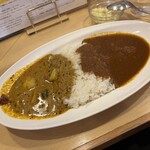 カレー スーパー スター - 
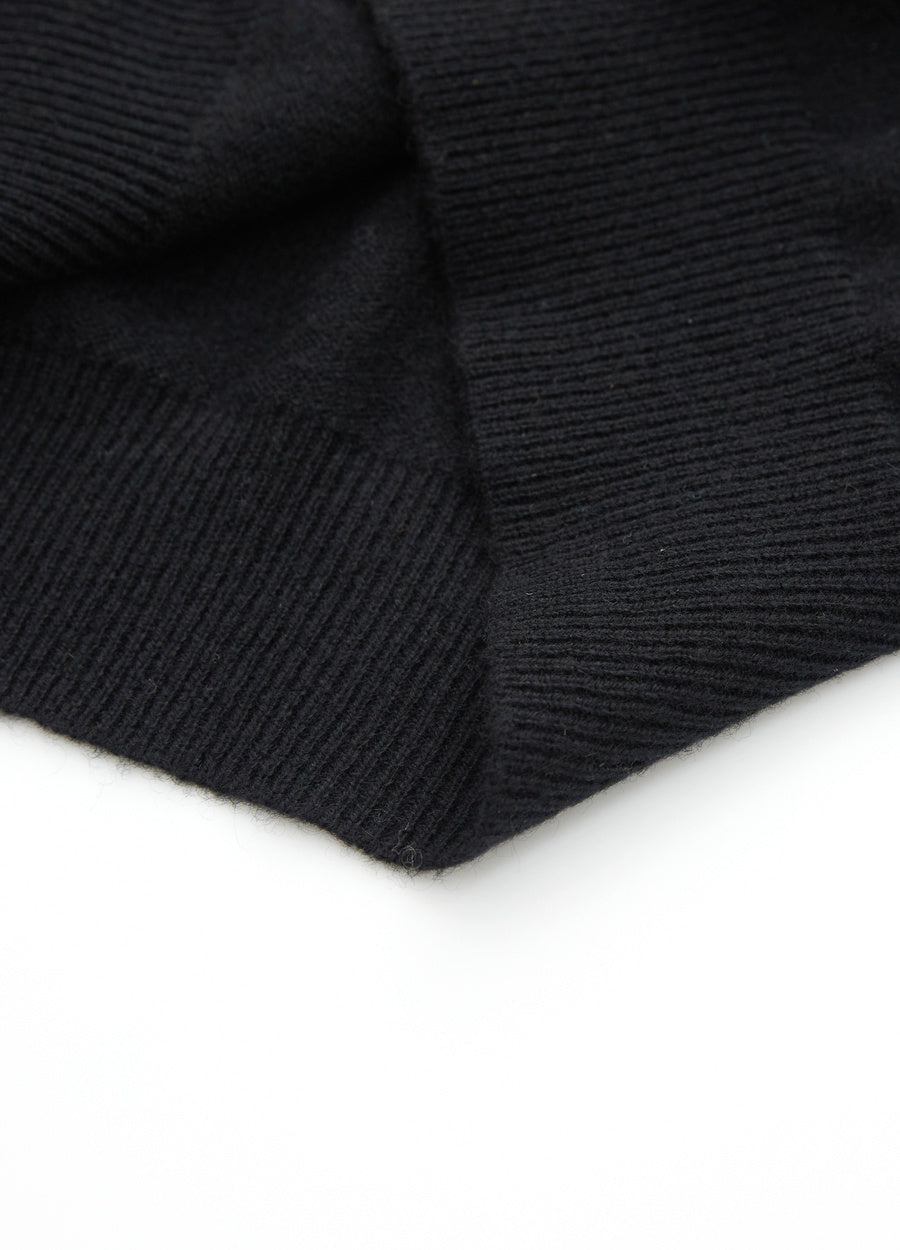 Cashmere Layering V-Neck Cardigan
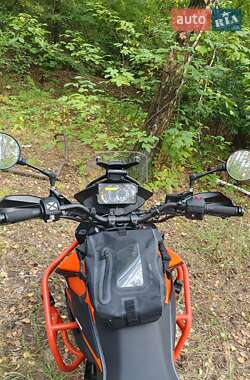 Мотоцикл Многоцелевой (All-round) KTM 390 Adventure 2021 в 
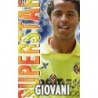 Soccer Trading Cards Giovani Villarreal Superstar Mate Relieve Las Fichas de La Liga 2014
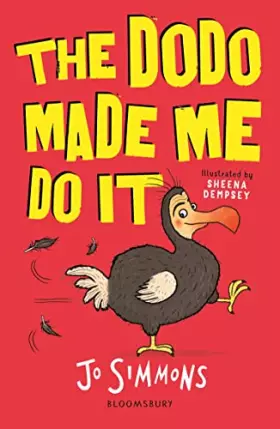 Couverture du produit · The Dodo Made Me Do It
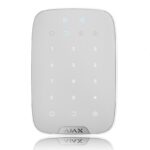 Ajax KeyPad Plus, bílá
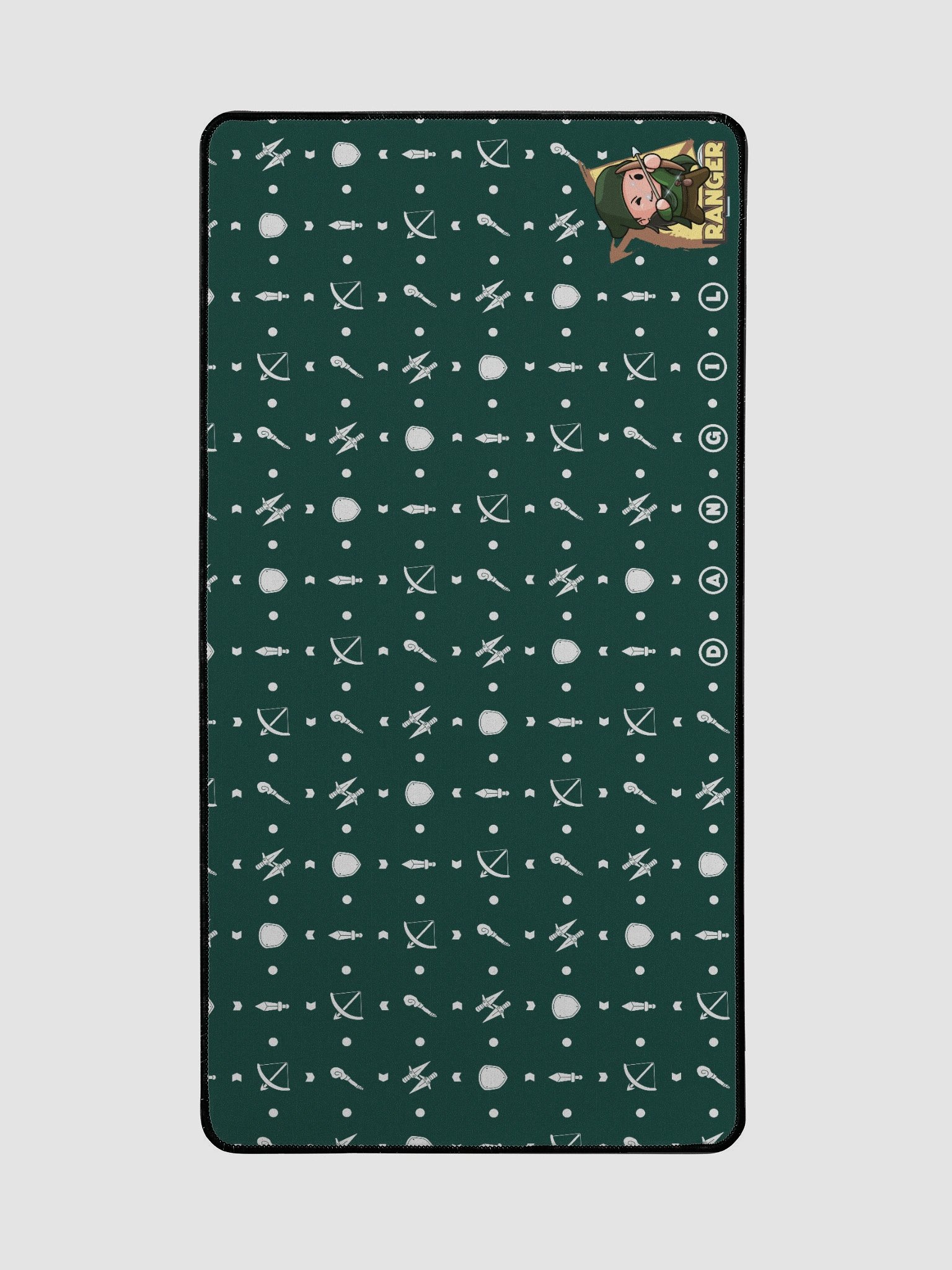 The Ranger (Big Desk Mat) product image (2)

What you will do –
Give the records back exactly. Leave the pictures out.

Task output –
 カレー スーパー スター - 
 Cashmere Layering V-Neck Cardigan
 Мотоцикл Многоцелевой (All-round) KTM 390 Adventure 2021 в 
 Soccer Trading Cards Giovani Villarreal Superstar Mate Relieve Las Fichas de La Liga 2014
 Couverture du produit · The Dodo Made Me Do It
 Ajax KeyPad Plus, bílá
 The Ranger (Big Desk Mat) product image (2)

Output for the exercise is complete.